Given an image with M × N pixels, we can rewrite it as an n-dimensional space (n = M × N). A vector in the n-dimensional space represents an image, which is inputted to a single-layer neural network. When a mass of images in a scene are continually inputted to the neural network, connections between input and neurons are adapted by the Hebbian rule, and finally these connections tend to become stable. The final connections of each neuron form another n-dimensional vector. Orthonormal processing of all connected vectors builds a new coordinate space and the connected weight vectors are called the basis of PCA [49, 50]. The neural network represents a linear transform from image coordinate axes to principal component coordinate axes that have the same number of dimensions as the input space. This linear transform is called Karhunen–Loève transform (KL transform in short or PCA). The output of each neuron in the neural network is a principal component of the input. It is worth noting that these principal components are uncorrelated to each other, so the KL transform produce optimally compact coding for images. As with other orthogonal transforms such as Fourier transform and discrete cosine transform, if all the principal components are reserved, the inverse KL transform can completely recover the original image. It has been shown that the principal components of natural images reflect the global features in the visual space, and all the redundancy reflected in the second-order correlations between pixels is captured by the transform [51].

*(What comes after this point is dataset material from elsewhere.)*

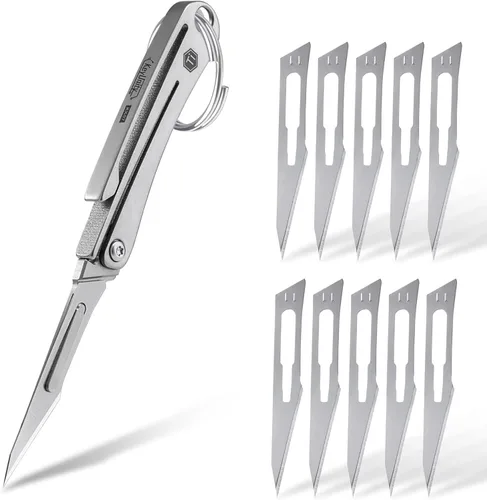 KeyUnity KK07 - Cuchilla de Utilidad de Precisión para Manualidades, mango de titanio, mini herramienta de corte para manualidades, proyectos de
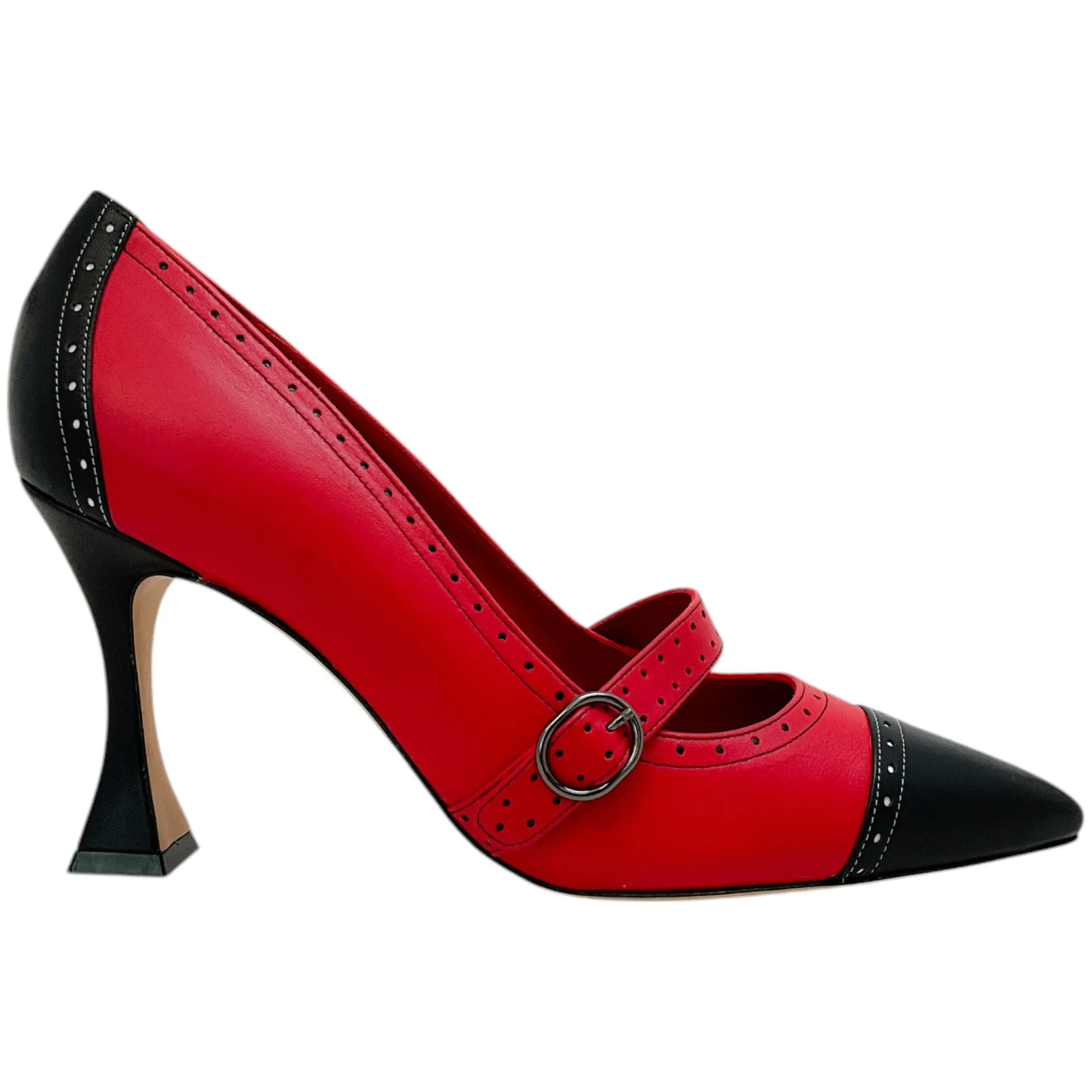 Manolo Blahnik Red / Black Renan Spectator Pumps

An interesting result of PCA related to the power spectra of images is that when the statistical property of an image set is stationary, power spectral components of these images are uncorrelated to each other [51, 52]. The stationary statistics assumption may be reasonable for natural scenes since there are no special locations in an image where the statistics is different [52]. Therefore, for the case of stationary statistics, the amplitude spectrum maybe approximates to the principal components [51, 52]. Therefore we can use the same scheme to process the KL transform as in the frequency domain.
In order to simplify the computation, the learning stage of PCA is omitted and its basis vectors are obtained by using some efficient numerical methods such as eigenvalue decomposition or the QR algorithm (a matrix is decomposed as two matrices Q and R) method) [53]. If all the n basis vectors of PCA are available, for given image I with M × N pixels, the pulsed PCA approach will be implemented by the following four steps: (1) Reshape the 2D image into an n-dimensional vector as shown on the left of Figure 4.12. (2) Calculate KL transform by using basis vectors of PCA or input feed-forward neural network with known connected vectors (basis vectors of PCA), and then set all the coefficients of PCA to one, by only keeping the sign of these coefficients as the output of neural network in Figure 4.12 (binary code). (3) Take the inverse KL transform for the output and take the absolute value for the recovered image. (4) Post-process the recovered image by Gaussian filter to get the saliency map.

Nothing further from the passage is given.